*Directions for this task*. Nothing but the lines from the start of the entries below through the line containing "Sugarcane juice machine" should appear in the answer, copied exactly and free of pictures.

Crawled caption data
• • •

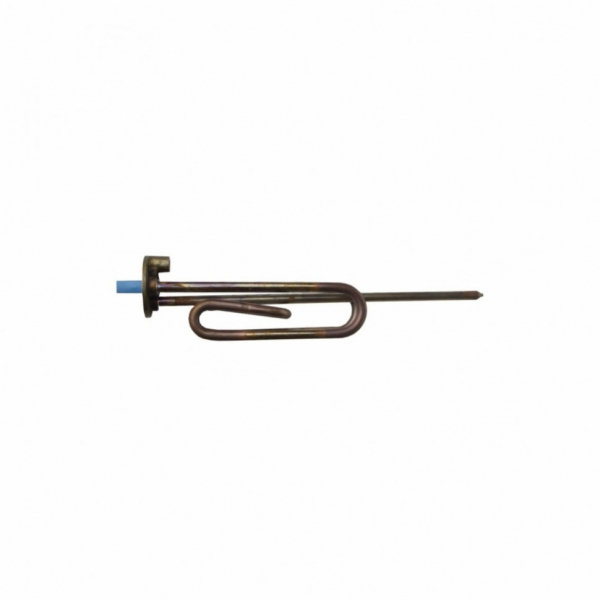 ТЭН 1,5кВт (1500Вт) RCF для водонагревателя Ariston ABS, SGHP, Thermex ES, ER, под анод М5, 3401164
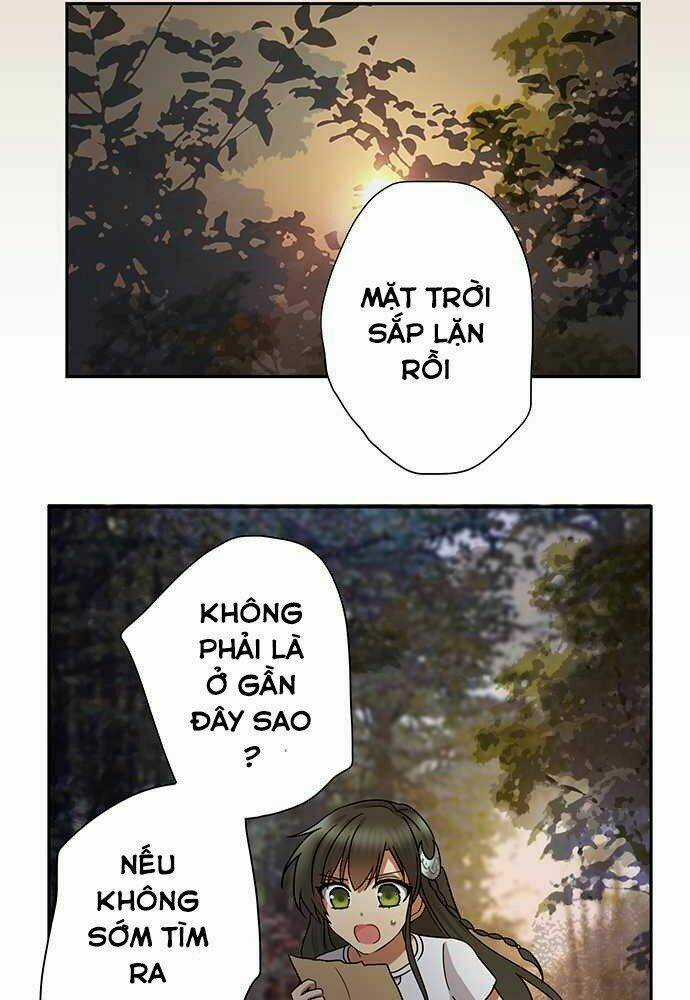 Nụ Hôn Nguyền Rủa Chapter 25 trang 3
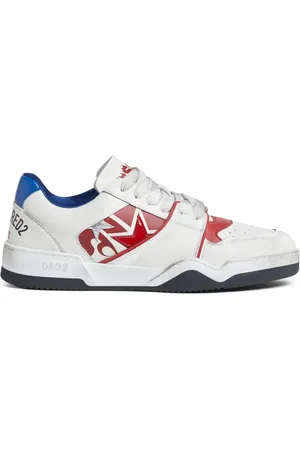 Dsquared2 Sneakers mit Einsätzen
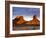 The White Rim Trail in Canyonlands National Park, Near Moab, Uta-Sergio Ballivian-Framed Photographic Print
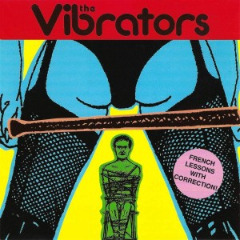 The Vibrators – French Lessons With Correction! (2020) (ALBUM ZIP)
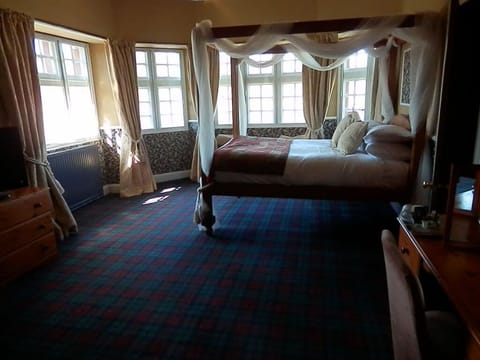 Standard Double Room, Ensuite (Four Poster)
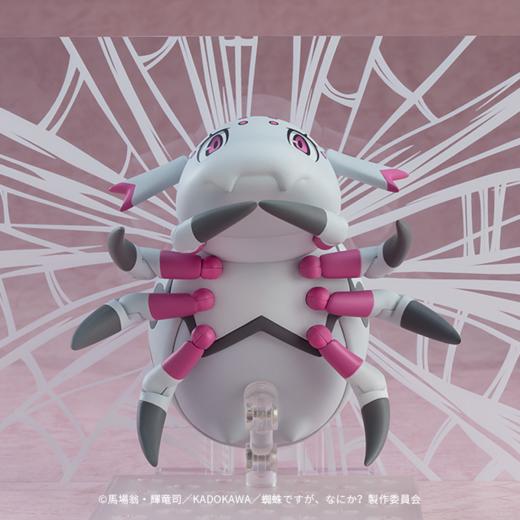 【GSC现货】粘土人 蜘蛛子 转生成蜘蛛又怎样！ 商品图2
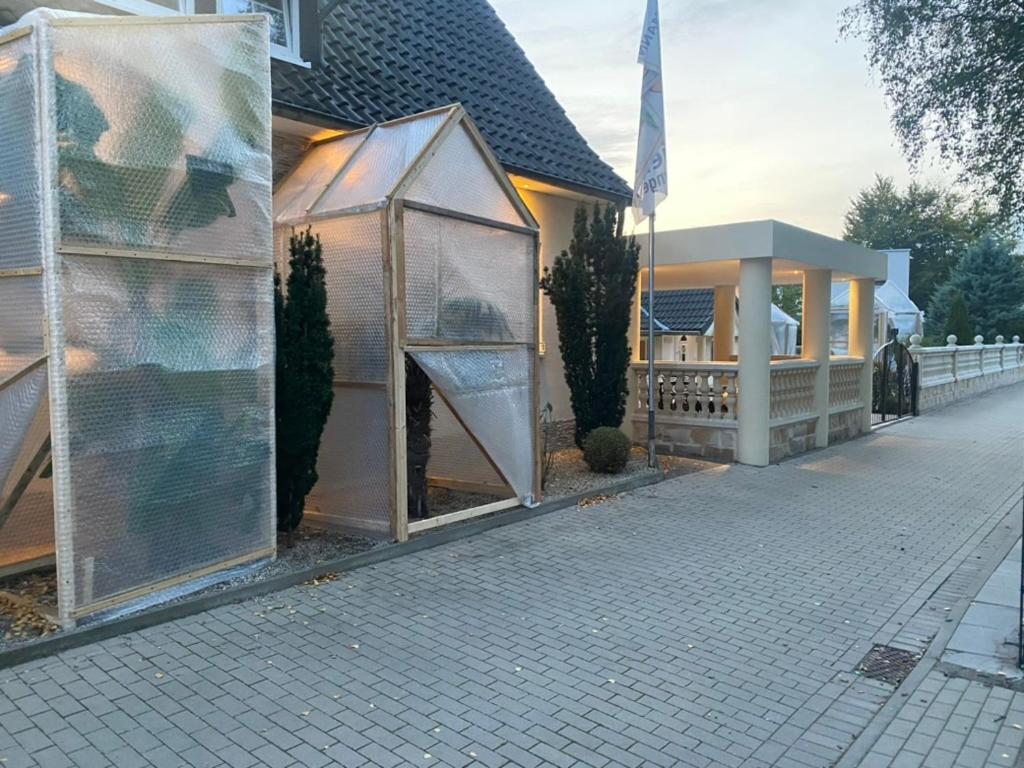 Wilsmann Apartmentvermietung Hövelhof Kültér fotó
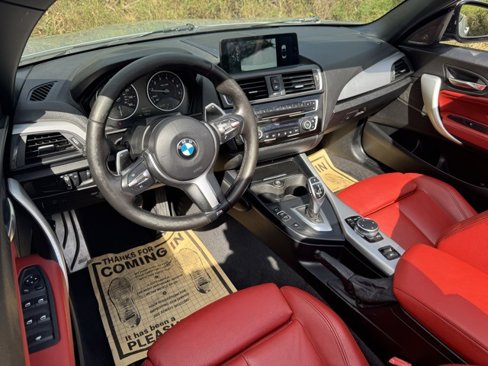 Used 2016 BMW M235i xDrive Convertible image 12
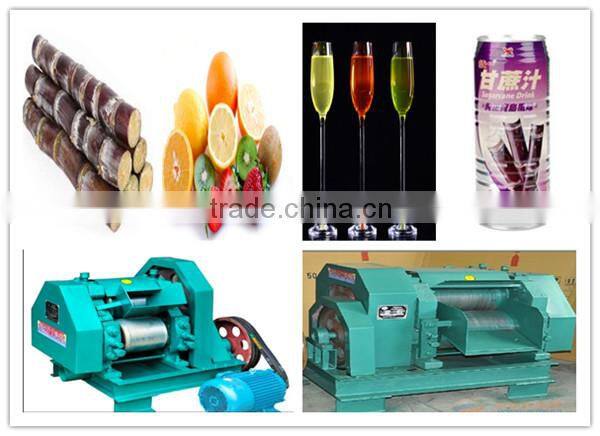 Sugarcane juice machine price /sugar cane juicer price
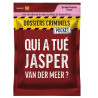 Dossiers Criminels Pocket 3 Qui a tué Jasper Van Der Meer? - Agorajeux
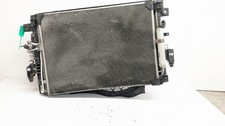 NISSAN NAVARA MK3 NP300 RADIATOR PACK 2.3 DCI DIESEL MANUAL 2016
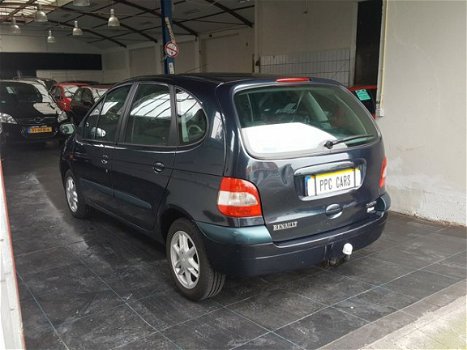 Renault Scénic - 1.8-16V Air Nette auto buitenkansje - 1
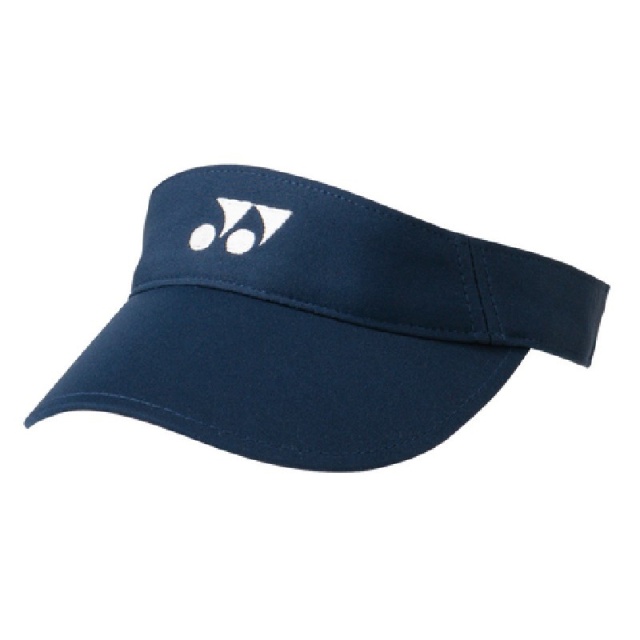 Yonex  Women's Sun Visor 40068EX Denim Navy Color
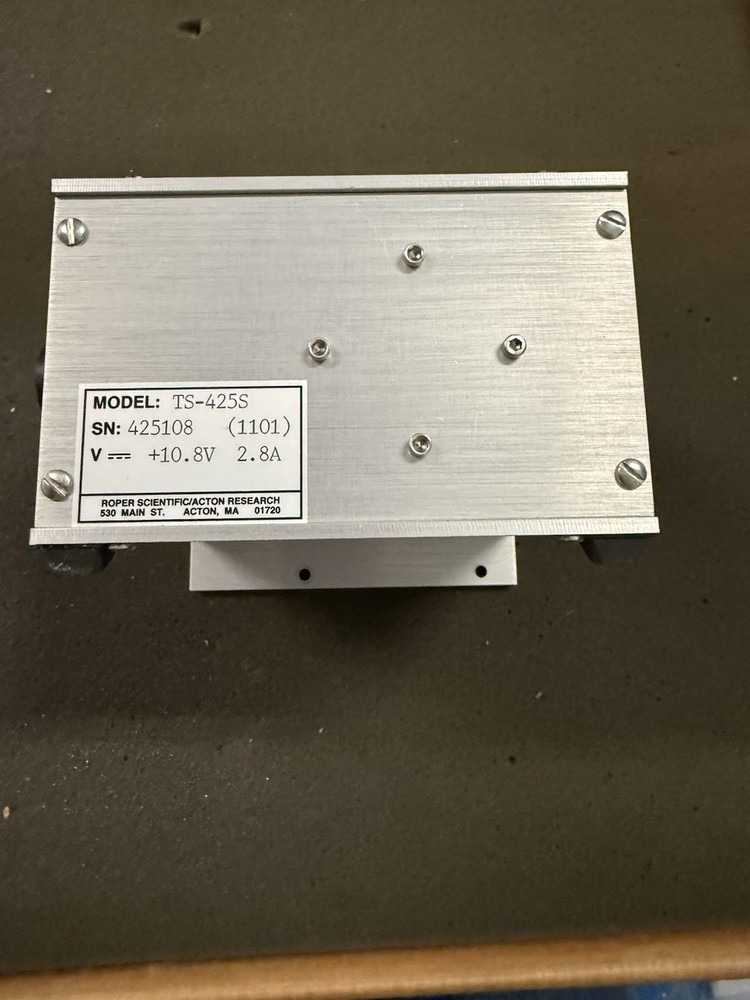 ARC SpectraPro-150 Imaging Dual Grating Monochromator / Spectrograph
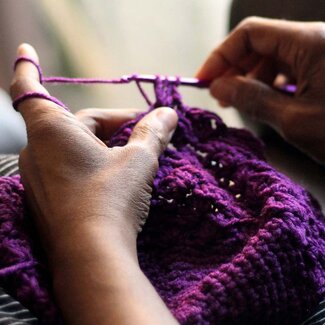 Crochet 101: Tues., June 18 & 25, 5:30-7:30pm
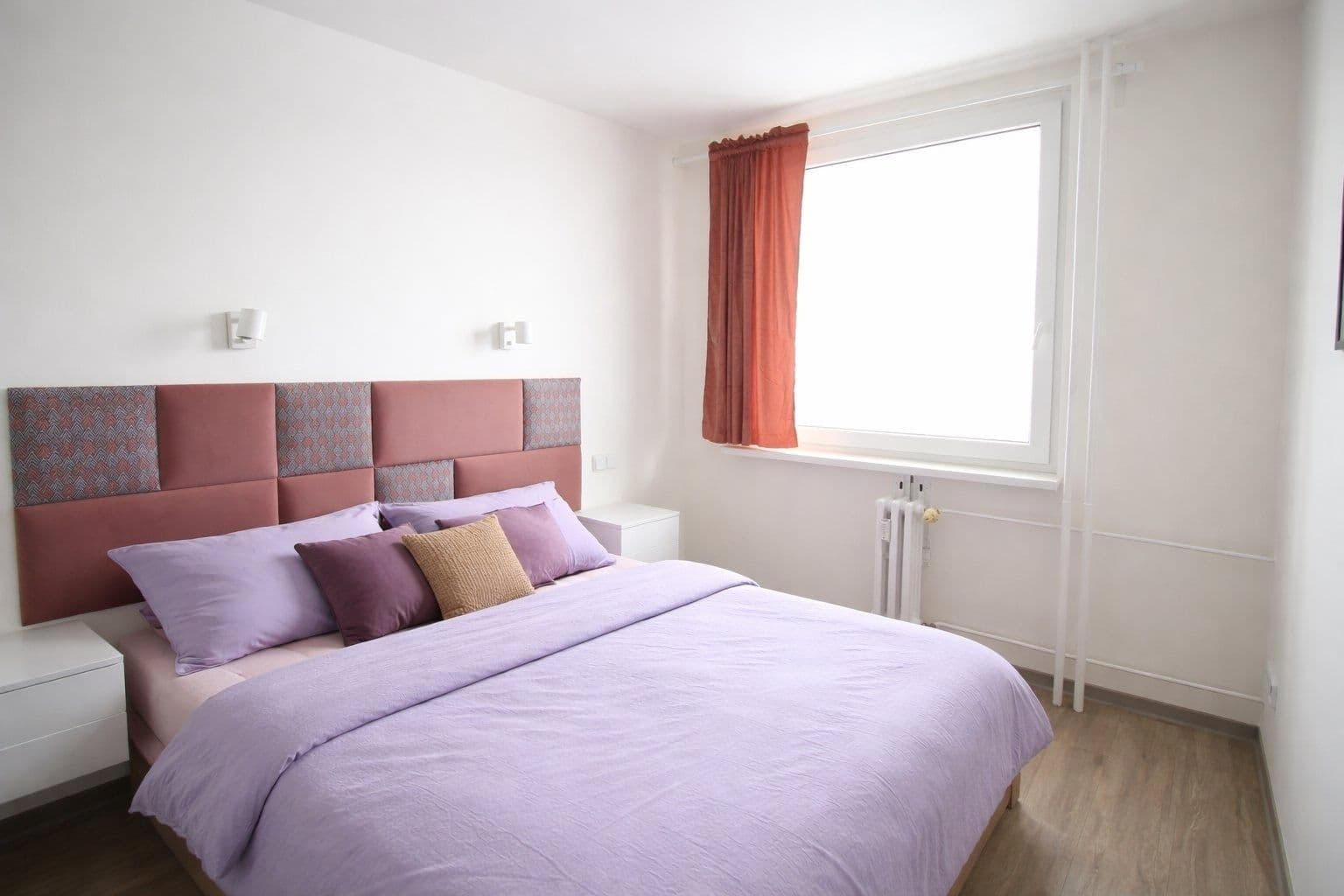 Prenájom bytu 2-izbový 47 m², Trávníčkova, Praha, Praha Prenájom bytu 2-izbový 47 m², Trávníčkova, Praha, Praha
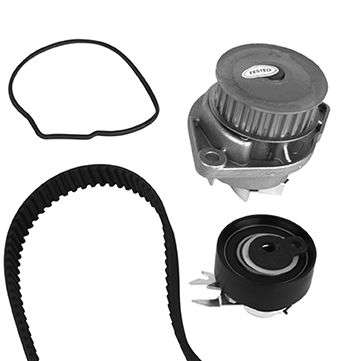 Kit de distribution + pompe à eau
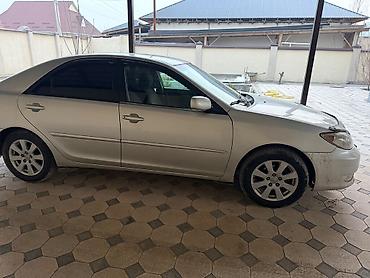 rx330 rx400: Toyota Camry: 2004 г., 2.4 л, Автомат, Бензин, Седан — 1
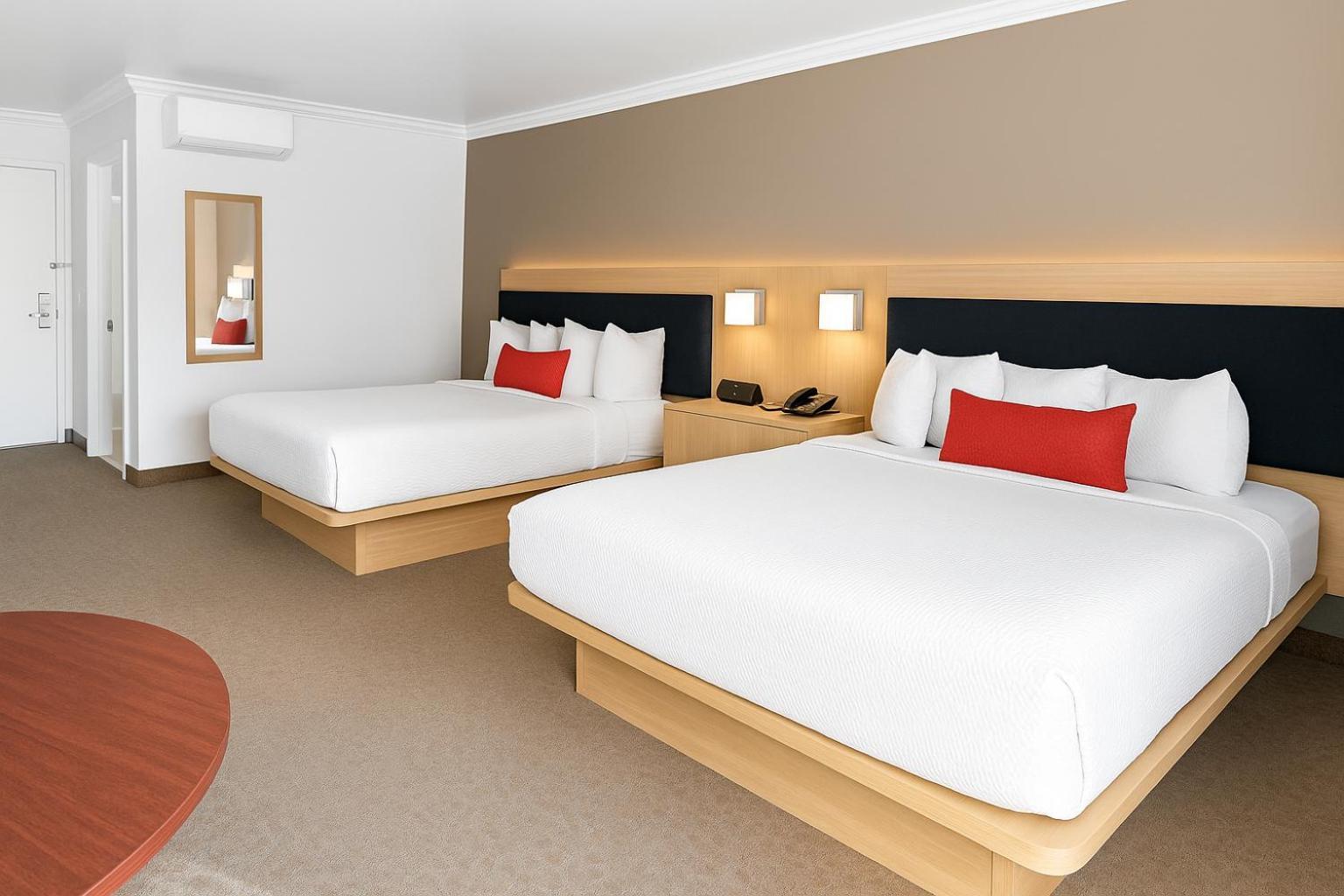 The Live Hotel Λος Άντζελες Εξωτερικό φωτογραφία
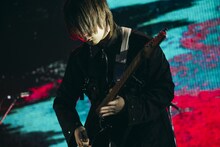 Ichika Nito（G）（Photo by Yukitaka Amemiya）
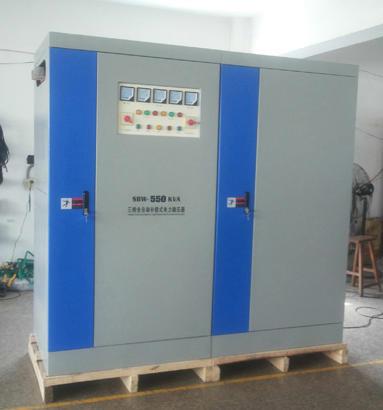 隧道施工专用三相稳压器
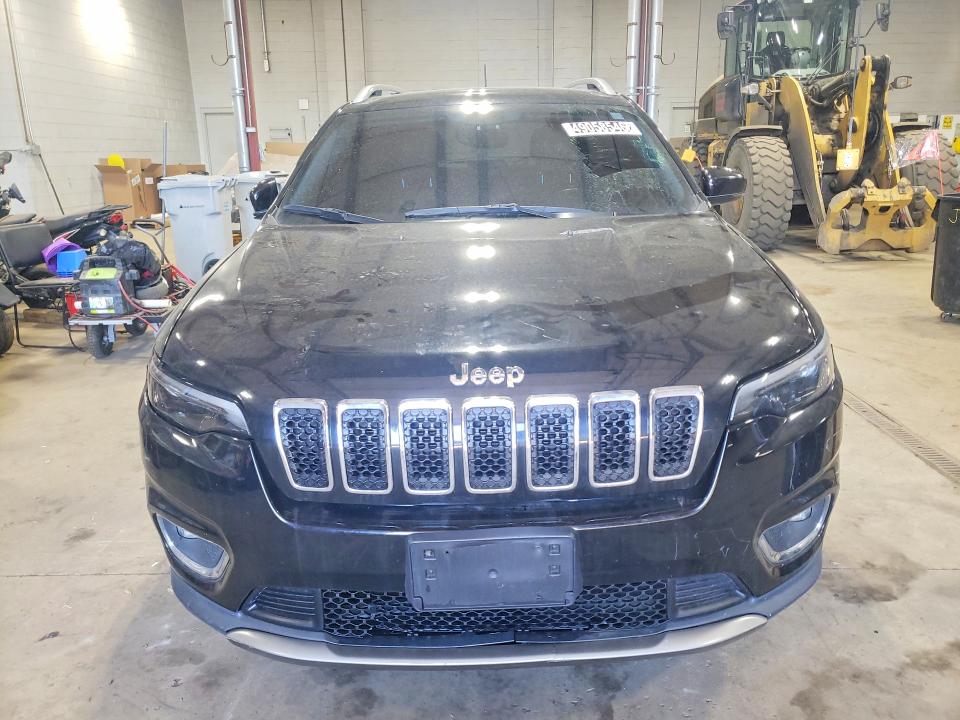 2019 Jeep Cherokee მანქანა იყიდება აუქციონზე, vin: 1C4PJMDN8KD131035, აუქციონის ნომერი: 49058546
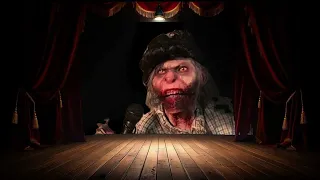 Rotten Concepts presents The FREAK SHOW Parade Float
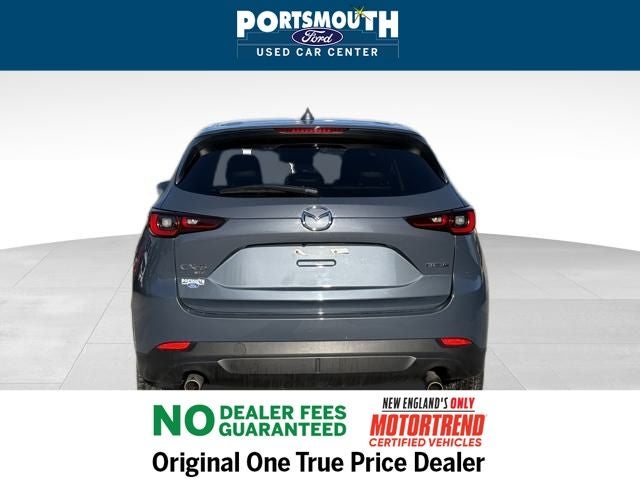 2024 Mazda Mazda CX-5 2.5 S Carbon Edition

• • •

*Solution for this problem*.
 ТЭН 1,5кВт (1500Вт) RCF для водонагревателя Ariston ABS, SGHP, Thermex ES, ER, под анод М5, 3401164
 Nụ Hôn Nguyền Rủa Chapter 25 trang 3
 Dsquared2 Sneakers mit Einsätzen
 The White Rim Trail in Canyonlands National Park, Near Moab, Uta-Sergio Ballivian-Framed Photographic Print
 The Vibrators – French Lessons With Correction! (2020) (ALBUM ZIP)
 Standard Double Room, Ensuite (Four Poster)
 【GSC现货】粘土人 蜘蛛子 转生成蜘蛛又怎样！ 商品图2
 Wilsmann Apartmentvermietung Hövelhof Kültér fotó
 Used 2016 BMW M235i xDrive Convertible image 12
 Sugarcane juice machine price /sugar cane juicer price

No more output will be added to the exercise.